The conversations surrounding a cold weather Super Bowl will only draw that much more attention because Peyton Manning is one of the starting quarterbacks in the game.
He can’t win in the cold, after all. Just like he can’t win the big game (in some people’s estimation).
For what it’s worth, Manning appeared to embrace the challenge of a potential cold weather Super Bowl a while ago, wearing a glove on his throwing hand for much of the season and supposedly dipping his hand in ice water and then throwing in his sessions before the season started.
Today the Broncos practiced in appropriately snowy and cold conditions in Denver as they prepare to face the Seattle Seahawks in Super Bowl 48. When asked, Manning had the following to say about the weather:
“We played in this and practiced in this a good part of the year, so really, we’ve been through this. But it’s good to get out here and get started.”

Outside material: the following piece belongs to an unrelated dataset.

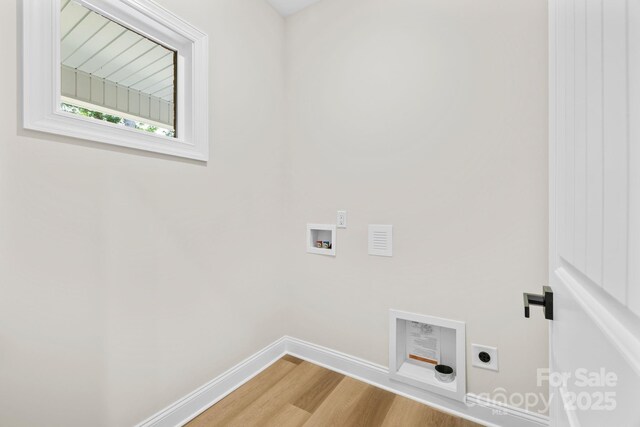 5025 Harbor View Dr E, Granite Falls, NC 28630 - washroom featuring hookup for an electric dryer, hookup for a washing machine, baseboards, and wood finished floors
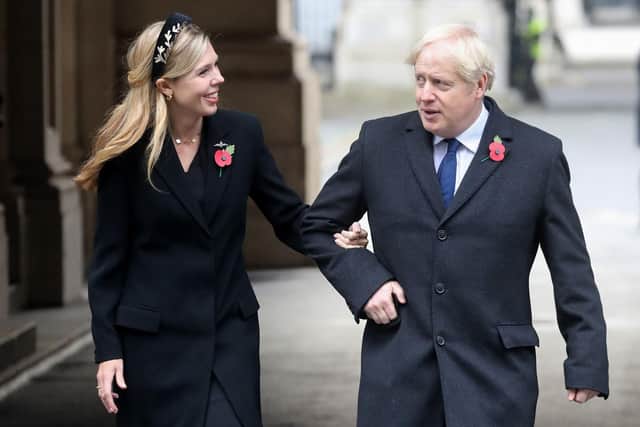 In this file photo taken on November 8, 2020 Britain's Prime Minister Boris Johnson (R) and his parter Carrie Symonds (L) meet veterans at the Remembrance Sunday ceremony at the Cenotaph on Whitehall in central London - Johnson married his fiancee Carrie Symonds married in a "secret ceremony" on May 29, 2021, UK media reports said.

Trying to downplay the issue in the past has not worked for Manning. Likewise, it did not help his case much when he told certain people who thought he cannot play in the cold to “stick it where the sun don’t shine.”
Here’s what I’ve always wondered: people complain that Manning cannot throw a good deep ball and lets go of too many ducks when it’s cold and/or snowy.
How, exactly, is that different from normal Manning? That sounds very similar to the guy whose throws always aren’t pretty, yet the results always are.